We embody a cross-disciplinary team of researchers with expertise in synthesis, analytical tools, and computation, and aim to address three primary research goals. If our programs are successful, we will be in line for continued federal funding of up to $25 million over five years.
Thrust I: We will deliver a toolkit of nanocluster and precursor chemistries comprising more than 15 elements, expanding to most of the abundant, environmentally benign metal atoms.
Center participants have pioneered the use of organic-free nanoclusters and solid acids for the deposition of high-quality oxide thin films. The films have made possible the solution-fabrication of a variety of high-performance transistors and related devices. Our groups are synthesizing new clusters, examining their solution speciation, and probing properties relevant to film deposition. An example of a nanocluster is the Ga13 molecule shown below.

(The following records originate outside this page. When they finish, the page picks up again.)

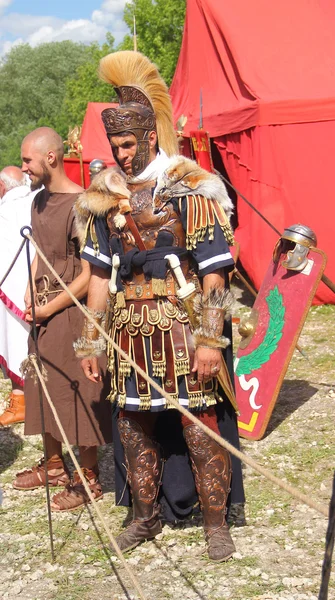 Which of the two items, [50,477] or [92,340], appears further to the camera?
[50,477]

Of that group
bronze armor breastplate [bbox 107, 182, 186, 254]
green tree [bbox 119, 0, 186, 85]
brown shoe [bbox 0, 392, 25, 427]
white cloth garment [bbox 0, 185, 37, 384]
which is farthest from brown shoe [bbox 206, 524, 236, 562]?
green tree [bbox 119, 0, 186, 85]

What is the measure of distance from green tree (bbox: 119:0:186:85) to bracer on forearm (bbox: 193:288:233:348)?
2334 cm

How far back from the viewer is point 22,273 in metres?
4.60

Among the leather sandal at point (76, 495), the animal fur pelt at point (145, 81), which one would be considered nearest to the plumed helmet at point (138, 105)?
the animal fur pelt at point (145, 81)

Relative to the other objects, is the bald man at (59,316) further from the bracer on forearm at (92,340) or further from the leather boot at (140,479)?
the leather boot at (140,479)

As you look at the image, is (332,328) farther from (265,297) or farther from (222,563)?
(222,563)

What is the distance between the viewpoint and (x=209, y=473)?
2.96 meters

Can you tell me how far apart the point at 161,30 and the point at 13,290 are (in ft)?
75.3

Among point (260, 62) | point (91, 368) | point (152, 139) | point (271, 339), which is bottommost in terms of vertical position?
point (271, 339)

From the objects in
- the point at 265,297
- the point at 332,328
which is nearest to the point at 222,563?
the point at 265,297

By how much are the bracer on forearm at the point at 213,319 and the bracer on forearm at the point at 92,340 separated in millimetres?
503

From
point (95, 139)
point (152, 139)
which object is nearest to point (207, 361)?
point (152, 139)

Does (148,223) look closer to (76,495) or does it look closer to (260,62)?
(76,495)

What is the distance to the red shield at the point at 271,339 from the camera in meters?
4.26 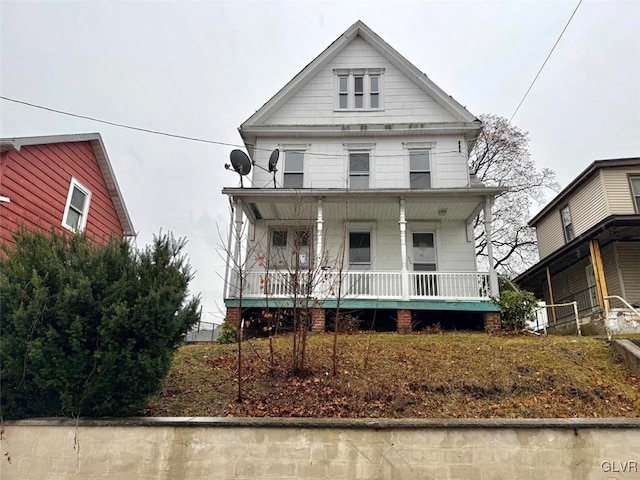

Thrust II: We will usethe toolkit developed in Thurst I to examine the chemical transformations that occur as the precursors condense into solid films. Previously unrealized compositions and properties will be produced with nanoscale spatial control, extending from highly sensitive inorganic lithography to compositionally-nanograded and/or nanostructured insulators that can be exploited in Thrust III.
Center Investigators have produced for the first time very high quality oxide films from solution. These films have provided the first examples of solution-processed nanolaminates exhibiting exceptionally sharp interfaces and surfaces. The laminates are providing new ways to study solid-state chemical reactions and control composition, structure, and properties for device applications.
The chemistries of many of the film precursors have been enhanced for direct lateral patterning without polymer resists. Precursors have been made sensitive to electron-beam, laser, deep UV, and EUV exposures. Inorganic materials have been patterned at < 15 nm with state-of-the-art line-width roughness (< 2 nm) and sensitivities that rival those of chemically amplified resists.
Thrust III: Is aimed at revolutionizing low-cost, large-area electronics by extending the frequency operation ceiling from ~1-10 MHz to GHz through fabrication of vertical transport transistors. This work will make it possible to incorporate high-speed wireless communications and other yet-to-be-imagined technologies onto very large substrates.
As noted in the description of Thrust II, high-quality thin oxide films are now readily available via solution for incorporation into devices. Indeed, hundreds of thousands of thin-film transistors have now been produced on large-area substrates using these films.
These thin-film transistors exhibit relatively modest capabilities with respect to circuit speed capabilities. In this thrust, we will use the ultra-thin, high- quality aspects of deposited films to build devices in a vertical fashion to realize ultra-short spacings between teh emitter and collector of a transistor. Since semicontuctor mobility is replaced by electron tunneling in these devices, performance can surpass conventional transistor technologies on a much simpler fabriction platform.